Gerson crossed one leg over the other, leaned an elbow back against his computer table. "I'm trying to see where you get this, Sergeant. I really am. And maybe I am slightly blinded by my anger at the fact that you took it upon yourself to go investigate these cases that I'd assigned to other inspectors. But"-he held up a hand-"of course if you did find a smoking gun, it would be a different matter. More easily overlooked anyway."
"But with respect, sir, this is pretty much a smoking gun."
"Maybe that's what I'm having trouble seeing. You have statements from both Sephia and Rez that they hadn't been in the Terry/Wills apartment, but you don't have their fingerprints from that scene."
"I didn't really expect there would be, sir. They went there to kill these guys and either wiped the place down or, more likely, wore gloves.
"But the fact remains, no prints where they said they'd never been. I fail to understand how this can be compelling to you."
"What's compelling is that their prints were at Holiday's, where they also deny ever being. They didn't know I was going to ask that until the tape was already on, so they told a stupid lie."
Gerson drew a large and histrionic breath. "Sergeant, these men played poker together at least several times in the past year. They may have had some kind of falling out recently-I don't know about that-but they certainly shared each other's company, quite possibly at Mr. Holiday's house. So now they simply admit that they lied to you.

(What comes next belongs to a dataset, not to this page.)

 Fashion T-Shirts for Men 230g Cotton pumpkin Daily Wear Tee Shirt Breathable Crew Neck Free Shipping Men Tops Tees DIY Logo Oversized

They say they knew Holiday was a murder suspect and didn't want to be more closely associated with him." Gerson already had the tape in its case under a paperweight on his computer table.
"But sir, the bare fact…" Thieu paused. "You have to admit this looks a lot like something fishy, at the very least. Sephia and Rez should be thoroughly interrogated. In my opinion," he added.

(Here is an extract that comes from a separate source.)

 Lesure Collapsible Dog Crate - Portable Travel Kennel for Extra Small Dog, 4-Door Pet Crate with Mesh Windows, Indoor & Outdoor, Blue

Finally the lieutenant seemed to break through some barrier. He leaned back, let out a long exhalation. "You might be right," he said. "I don't know why I'm righting you so hard on this. Everything you're saying makes sense. It's just that this case has been nothing but a headache from day one." Gerson's hand, in fact, went to his head. He sighed again. "I've got to use the can a minute. Be right back."
Thieu came forward, his elbows on his knees, his head tucked. He had of course considered the objections that Gerson had made. Nothing was simple. Okay, so what's new? The point was, Thieu thought, that any conscientious cop would see enough questions for Sephia and Rez to at the very least jump all over them and move them up to the realm of legitimate suspects in the multiple slayings. If only to avoid the embarrassment and hassle of falsely arresting John Holiday when there were obviously so many other possible interpretations of the evidence.